Hina era una ragazza sveglia, amava l’Italia e l’occidente e aveva deciso di allontanarsi dalle rigide tradizioni del suo paese di origine. Una semplice scelta, insieme a quella di non voler sposare un uomo in Pakistan, che il padre non ha mai accettato, per questo l’ha uccisa a coltellate e nascosta in giardino di casa con la testa rivolta verso la Mecca, con l’aiuto di 2 complici. Una mostruosità difficile da descrivere a parole, anche a dieci anni di distanza, eppure Bushra si mostra comprensiva verso l’uomo che ha sposato, lo stesso uomo che le ha tolto sua figlia.
“Un uomo buono e un padre esemplare, mai una volta ci ha obbligato a fare qualcosa. Quel giorno ha perso la testa in un impeto di rabbia, Hina era una ragazzina bravissima ma era finita in cattive compagnie e avevamo cercato di farglielo capire tante volte. In quel periodo ci chiedeva continuamente soldi e finché abbiamo potuto l’abbiamo aiutata..”. Sostiene la donna, aggiungendo che il marito si è poi subito reso conto di quanto accaduto e che ha seppellito il corpo in giardino per paura, volendo aspettare che il resto della famiglia tornasse dal Pakistan.

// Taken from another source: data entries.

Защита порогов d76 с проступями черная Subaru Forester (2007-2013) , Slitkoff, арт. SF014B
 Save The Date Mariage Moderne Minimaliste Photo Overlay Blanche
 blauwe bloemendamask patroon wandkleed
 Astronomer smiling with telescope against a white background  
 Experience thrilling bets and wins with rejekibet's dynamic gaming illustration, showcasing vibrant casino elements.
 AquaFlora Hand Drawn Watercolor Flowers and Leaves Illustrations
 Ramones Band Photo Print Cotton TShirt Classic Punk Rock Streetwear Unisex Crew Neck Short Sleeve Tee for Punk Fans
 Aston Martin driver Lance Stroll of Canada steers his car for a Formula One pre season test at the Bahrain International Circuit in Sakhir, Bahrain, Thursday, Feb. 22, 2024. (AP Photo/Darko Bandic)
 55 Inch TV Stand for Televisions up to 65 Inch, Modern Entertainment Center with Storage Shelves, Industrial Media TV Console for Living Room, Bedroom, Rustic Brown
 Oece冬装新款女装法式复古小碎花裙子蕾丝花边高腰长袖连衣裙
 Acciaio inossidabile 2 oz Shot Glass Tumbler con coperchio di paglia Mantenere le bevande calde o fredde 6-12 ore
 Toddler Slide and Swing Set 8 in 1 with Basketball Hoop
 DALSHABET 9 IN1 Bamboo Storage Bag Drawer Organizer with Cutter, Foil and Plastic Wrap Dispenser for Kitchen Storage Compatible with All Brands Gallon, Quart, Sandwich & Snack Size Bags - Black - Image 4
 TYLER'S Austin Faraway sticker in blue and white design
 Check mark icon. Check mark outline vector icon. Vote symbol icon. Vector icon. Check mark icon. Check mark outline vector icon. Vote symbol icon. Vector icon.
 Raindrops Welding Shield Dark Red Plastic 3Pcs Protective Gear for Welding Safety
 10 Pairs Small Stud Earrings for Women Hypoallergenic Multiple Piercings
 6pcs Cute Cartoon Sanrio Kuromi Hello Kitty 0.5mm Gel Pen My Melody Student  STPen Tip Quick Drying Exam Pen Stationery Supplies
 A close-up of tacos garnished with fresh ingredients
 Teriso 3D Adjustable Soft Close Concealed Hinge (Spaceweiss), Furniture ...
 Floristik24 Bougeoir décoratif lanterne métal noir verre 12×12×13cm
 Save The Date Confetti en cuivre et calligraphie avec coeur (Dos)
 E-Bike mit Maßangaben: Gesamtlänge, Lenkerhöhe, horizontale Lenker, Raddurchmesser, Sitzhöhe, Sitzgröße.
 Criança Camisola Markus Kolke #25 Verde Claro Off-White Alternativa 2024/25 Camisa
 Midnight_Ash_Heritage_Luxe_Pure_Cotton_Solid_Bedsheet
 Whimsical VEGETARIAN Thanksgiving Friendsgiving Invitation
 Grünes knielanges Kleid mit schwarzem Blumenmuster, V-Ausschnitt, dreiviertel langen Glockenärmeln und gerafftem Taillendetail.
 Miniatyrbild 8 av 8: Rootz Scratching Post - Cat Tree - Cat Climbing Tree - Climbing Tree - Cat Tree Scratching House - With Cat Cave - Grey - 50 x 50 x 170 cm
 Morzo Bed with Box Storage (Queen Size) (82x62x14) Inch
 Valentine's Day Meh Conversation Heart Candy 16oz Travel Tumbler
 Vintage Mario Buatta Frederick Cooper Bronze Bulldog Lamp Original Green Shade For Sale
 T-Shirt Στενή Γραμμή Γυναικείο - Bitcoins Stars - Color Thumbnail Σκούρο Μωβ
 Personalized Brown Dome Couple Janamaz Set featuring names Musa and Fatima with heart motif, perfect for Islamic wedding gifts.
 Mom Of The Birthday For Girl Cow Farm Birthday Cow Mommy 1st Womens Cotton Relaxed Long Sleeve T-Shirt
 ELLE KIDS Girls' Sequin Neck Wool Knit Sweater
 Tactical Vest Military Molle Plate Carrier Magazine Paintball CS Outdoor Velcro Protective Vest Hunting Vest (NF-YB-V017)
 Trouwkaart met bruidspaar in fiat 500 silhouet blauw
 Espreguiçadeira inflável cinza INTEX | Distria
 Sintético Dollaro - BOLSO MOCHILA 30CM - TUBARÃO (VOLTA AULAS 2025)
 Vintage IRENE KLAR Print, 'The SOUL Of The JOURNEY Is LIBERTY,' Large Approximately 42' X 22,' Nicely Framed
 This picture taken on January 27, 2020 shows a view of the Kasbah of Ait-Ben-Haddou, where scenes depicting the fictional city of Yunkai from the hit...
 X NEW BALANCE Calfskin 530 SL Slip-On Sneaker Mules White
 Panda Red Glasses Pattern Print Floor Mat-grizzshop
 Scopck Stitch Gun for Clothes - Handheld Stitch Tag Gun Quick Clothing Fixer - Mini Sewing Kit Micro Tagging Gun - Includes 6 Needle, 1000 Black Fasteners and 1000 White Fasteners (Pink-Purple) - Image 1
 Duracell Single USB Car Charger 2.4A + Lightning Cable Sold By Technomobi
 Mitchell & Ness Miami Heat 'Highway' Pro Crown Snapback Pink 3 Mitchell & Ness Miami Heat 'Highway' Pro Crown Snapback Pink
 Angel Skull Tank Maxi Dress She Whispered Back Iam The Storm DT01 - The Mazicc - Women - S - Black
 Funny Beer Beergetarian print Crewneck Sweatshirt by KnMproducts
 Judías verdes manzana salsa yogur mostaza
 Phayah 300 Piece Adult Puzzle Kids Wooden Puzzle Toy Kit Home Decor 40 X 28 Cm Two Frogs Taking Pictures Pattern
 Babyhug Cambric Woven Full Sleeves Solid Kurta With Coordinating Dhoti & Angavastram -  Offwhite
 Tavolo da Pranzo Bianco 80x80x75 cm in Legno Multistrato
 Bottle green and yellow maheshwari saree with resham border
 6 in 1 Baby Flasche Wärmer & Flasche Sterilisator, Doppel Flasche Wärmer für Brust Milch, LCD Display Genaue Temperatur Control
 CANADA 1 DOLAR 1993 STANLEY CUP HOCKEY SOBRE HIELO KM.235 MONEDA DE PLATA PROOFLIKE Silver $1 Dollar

Dopo la sua morte, l’immagine del volto di Hina, capelli sciolti senza velo, è diventata emblema della lotta di una donna contro l’integralismo religioso. «Mia figlia – conclude la donna – è diventata il simbolo di una storia di integralismo che non è mai esistita. Quel giorno è stata colpa della rabbia…».
La Corte di Cassazione, nel 2010, ha condannato a 30 anni il padre di Hina, Mohammed così come i due cognati che agirono insieme a lui mentre lo zio, che confessò di aver partecipato alla sepoltura ma non al delitto, ha avuto una condanna a due anni e otto mesi, ad oggi è stato scarcerato.